New research suggests that law firm panels are losing popularity to matter-level hiring (Buying Legal Council, 2020). What can we do to improve legal panels?
Law firm panels (legal panels) have long been selected and used by clients to manage the engagement of outside counsel. By using a consolidated panel, the idea is that both parties (the client and the panel of selected firms) get added value : the consolidated arrangement provides the firm added revenue, discounted rates for the client and improved work product—resulting from the firm having a better understanding of how the client operates.
However, clients have begun to use panels as a cost-cutting tool without actually consolidating firms. As a result, ‘true’ panels (e.g. a small number of firms handling the bulk of the work) are losing popularity.
Panels are still valuable; but without a fair, efficient and transparent process to select and manage these law firms, clients miss the opportunity to capitalize on their bargaining power and firms miss the opportunity to achieve maximum ROI.
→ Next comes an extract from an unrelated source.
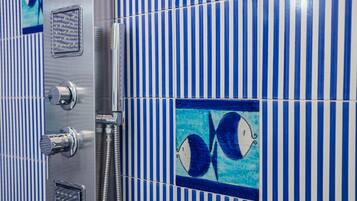 A bathroom with blue and white striped tiles, a shower with a chrome faucet, and a decorative tile with a fish design.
We can improve panels by focusing on a few key factors:
1) Value alignment
A panel can be a great opportunity to align firm selection with the corporation’s core values and key initiatives. By treating panel firms as strategic advisors, GCs gain more value than they would by simply engaging hundreds of firms at arm’s length.
To accomplish this, client GCs must fairly assess all firms by establishing a scoring criteria that captures all relevant values . This is best done by building a “Scorecard,” or a clear summary page of all relevant values that can be applied to each firm (see our article on scorecards here.)
To create an effective scorecard, clients must establish relevant values (e.g., short-run turn-around times, responsiveness, team diversity, etc.) and weigh them according to respective importance (sometimes per matter).
2) Risk-sharing via AFAs
When establishing panels and working to strategically reduce spend, clients should consider risk-sharing opportunities via pre-set Alternative Fee Arrangements (AFAs). Usually AFAs are done at the matter level but sometimes there are opportunities to bundle work categories and agree to pre-set fee amounts that would later apply when an actual matter arises. AFAs are not mutually exclusive from panels, and can be used to each party’s advantage in panels. A panel review process shouldn’t try to obtain pre-set AFAs for litigation matters because they should be evaluated on a matter-by-matter basis. But for matter types with smaller, more predictable tasks (patent prosecution, immigration, etc,) clients should seek out AFAs as part of the panel RFP process. Task-based fees can work well in these practice areas and can be set out and applied for all matters handled over a period of years. AFAs can range from basic capped fees to fixed pricing at the activity level. (See our article on AFAs and AFA types here.)
3) Transparency is key
When building a panel, consider price transparency and work allocation transparency. Price transparency refers to the visibility of competitors’ prices; work allocation transparency refers to the visibility of the client’s volume of available projects for assignment (per year). These transparencies offer a firm the ability to compare and strategize, resulting in market-competitive and fair rates.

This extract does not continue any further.